**TASK**
The expected answer is the set of lines in the data below between the line holding "AutoNation Ford Amherst Service Center 7" and the line holding "صورة 9 لـ 2026 FORD F-150 XLT", inclusive, written out exactly.

**TASK INPUTS**
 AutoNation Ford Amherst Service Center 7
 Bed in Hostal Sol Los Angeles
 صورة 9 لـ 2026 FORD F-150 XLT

* * *

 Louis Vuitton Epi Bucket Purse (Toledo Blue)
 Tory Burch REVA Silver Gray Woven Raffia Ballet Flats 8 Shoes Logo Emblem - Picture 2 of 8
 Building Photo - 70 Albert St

**ANSWER SECTION**
 AutoNation Ford Amherst Service Center 7
 Bed in Hostal Sol Los Angeles
 صورة 9 لـ 2026 FORD F-150 XLT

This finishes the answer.